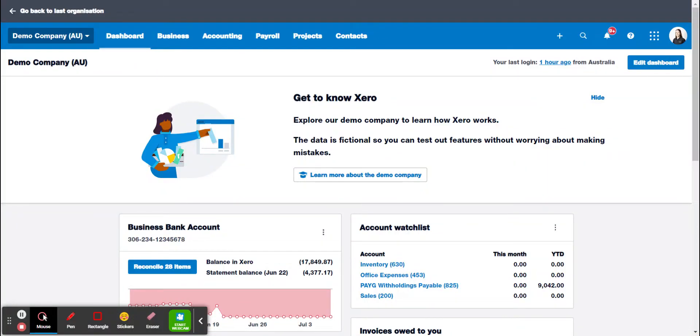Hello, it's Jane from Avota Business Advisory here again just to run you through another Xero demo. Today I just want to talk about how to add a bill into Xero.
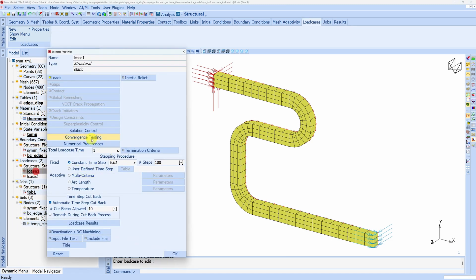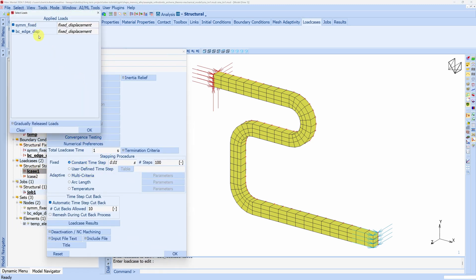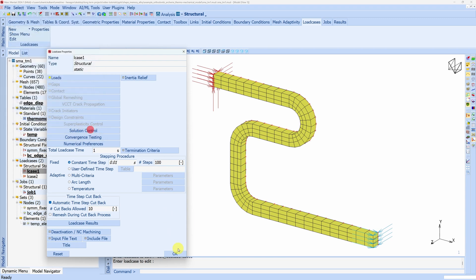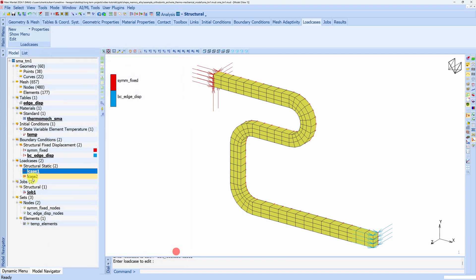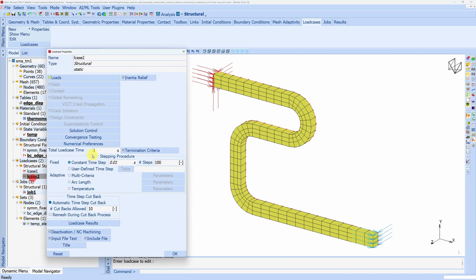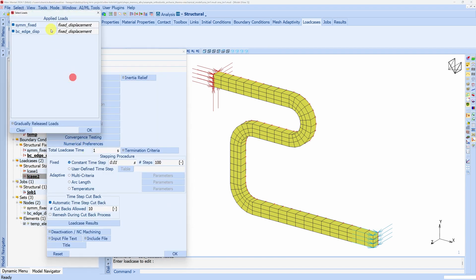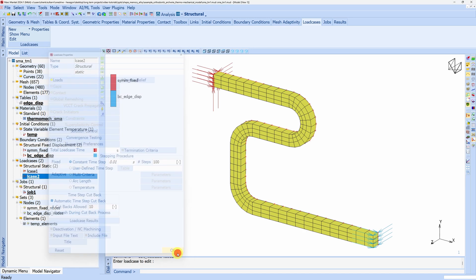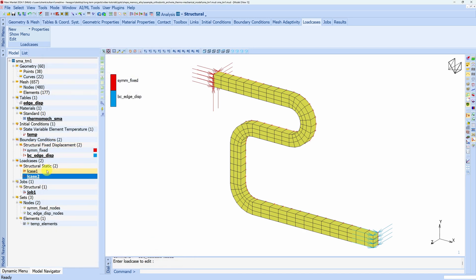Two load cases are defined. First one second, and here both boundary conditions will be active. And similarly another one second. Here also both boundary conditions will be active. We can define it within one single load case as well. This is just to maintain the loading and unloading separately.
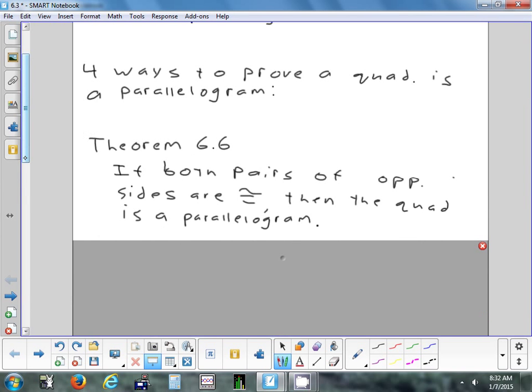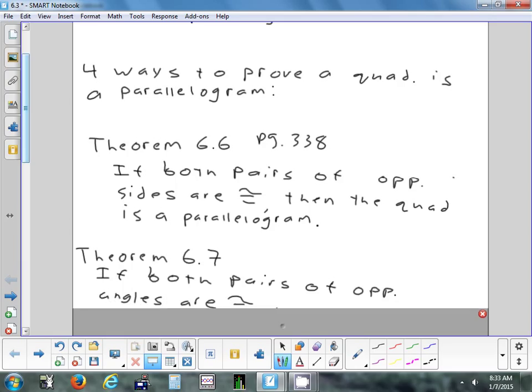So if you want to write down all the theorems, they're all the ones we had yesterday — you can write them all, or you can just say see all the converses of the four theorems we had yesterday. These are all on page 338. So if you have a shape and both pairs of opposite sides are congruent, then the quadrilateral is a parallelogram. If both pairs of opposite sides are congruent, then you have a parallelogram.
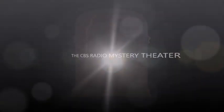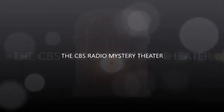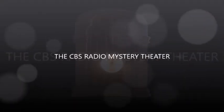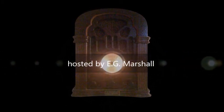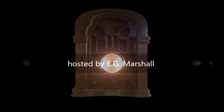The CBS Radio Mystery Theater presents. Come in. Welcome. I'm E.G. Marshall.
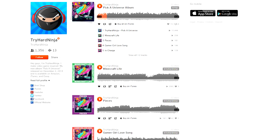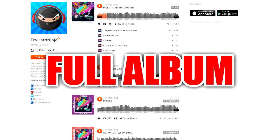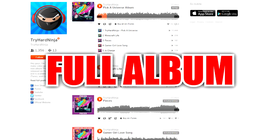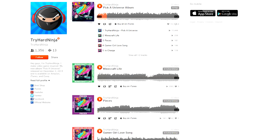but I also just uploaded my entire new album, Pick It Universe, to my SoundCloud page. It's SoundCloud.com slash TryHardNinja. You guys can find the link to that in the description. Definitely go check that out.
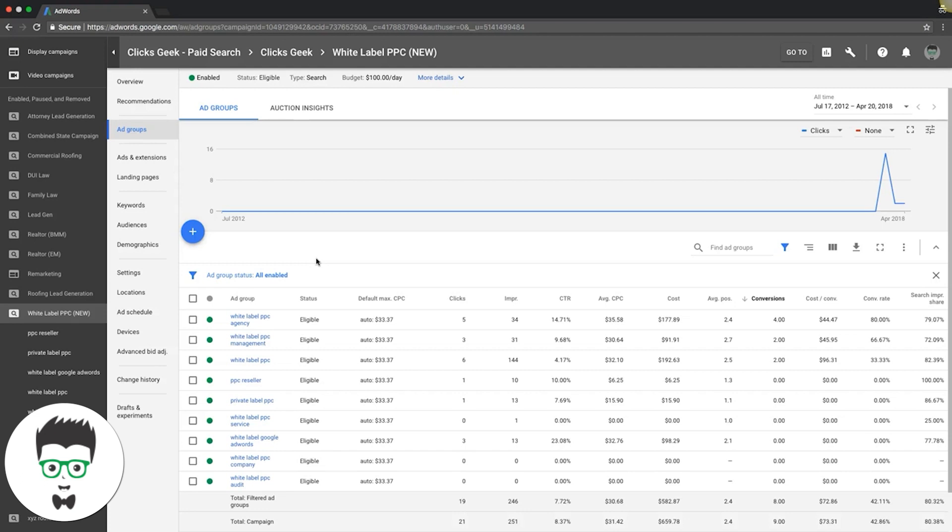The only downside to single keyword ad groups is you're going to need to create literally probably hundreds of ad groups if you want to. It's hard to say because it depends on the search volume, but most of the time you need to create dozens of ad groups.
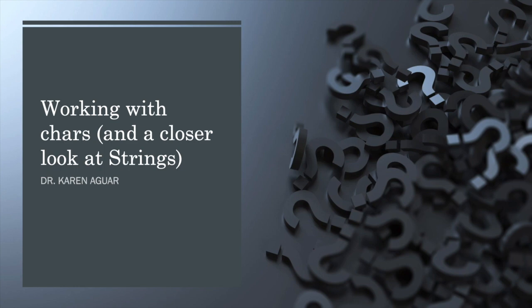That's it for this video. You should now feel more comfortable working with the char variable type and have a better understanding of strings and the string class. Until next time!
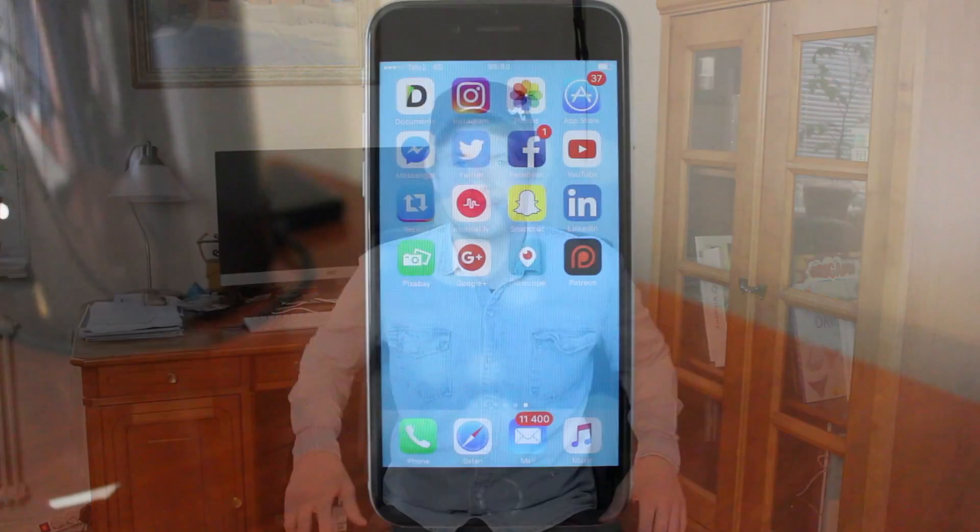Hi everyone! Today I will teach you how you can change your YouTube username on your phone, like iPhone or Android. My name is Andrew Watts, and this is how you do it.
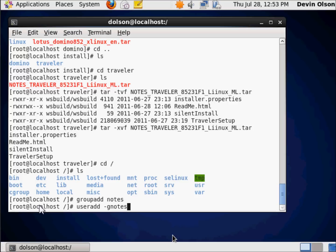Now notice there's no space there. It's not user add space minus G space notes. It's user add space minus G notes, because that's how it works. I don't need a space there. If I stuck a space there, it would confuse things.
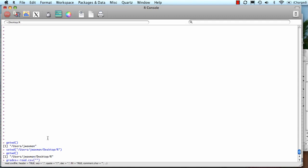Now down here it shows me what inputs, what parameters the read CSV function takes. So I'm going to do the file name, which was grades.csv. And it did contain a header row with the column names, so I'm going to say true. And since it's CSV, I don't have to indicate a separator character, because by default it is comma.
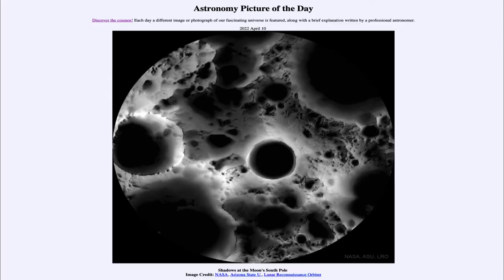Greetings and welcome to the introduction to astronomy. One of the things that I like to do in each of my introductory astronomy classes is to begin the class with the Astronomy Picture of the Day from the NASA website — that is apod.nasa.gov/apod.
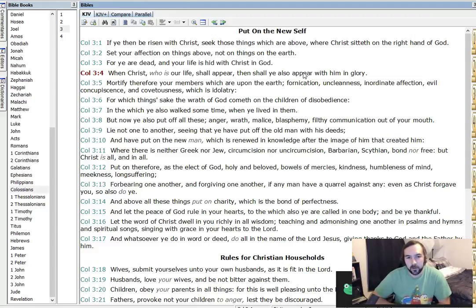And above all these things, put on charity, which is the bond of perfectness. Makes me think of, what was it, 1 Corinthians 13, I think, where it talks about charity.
____________________
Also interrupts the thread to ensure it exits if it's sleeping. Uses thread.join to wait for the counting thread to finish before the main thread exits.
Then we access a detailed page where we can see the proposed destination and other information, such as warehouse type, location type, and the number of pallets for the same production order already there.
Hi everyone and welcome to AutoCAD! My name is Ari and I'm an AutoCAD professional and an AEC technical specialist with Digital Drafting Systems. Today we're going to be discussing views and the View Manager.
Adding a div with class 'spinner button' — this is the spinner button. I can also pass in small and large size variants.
____________________
Both the line above containing "Hello, it's Jane" and the line containing "The only downside" belong in the copy, along with every line between them; print these exactly and omit the pictures.

▸ Completed task
Hello, it's Jane from Avota Business Advisory here again just to run you through another Xero demo. Today I just want to talk about how to add a bill into Xero.
Two load cases are defined. First one second, and here both boundary conditions will be active. And similarly another one second. Here also both boundary conditions will be active. We can define it within one single load case as well. This is just to maintain the loading and unloading separately.
So if you want to write down all the theorems, they're all the ones we had yesterday — you can write them all, or you can just say see all the converses of the four theorems we had yesterday. These are all on page 338. So if you have a shape and both pairs of opposite sides are congruent, then the quadrilateral is a parallelogram. If both pairs of opposite sides are congruent, then you have a parallelogram.
The CBS Radio Mystery Theater presents. Come in. Welcome. I'm E.G. Marshall.
but I also just uploaded my entire new album, Pick It Universe, to my SoundCloud page. It's SoundCloud.com slash TryHardNinja. You guys can find the link to that in the description. Definitely go check that out.
The only downside to single keyword ad groups is you're going to need to create literally probably hundreds of ad groups if you want to. It's hard to say because it depends on the search volume, but most of the time you need to create dozens of ad groups.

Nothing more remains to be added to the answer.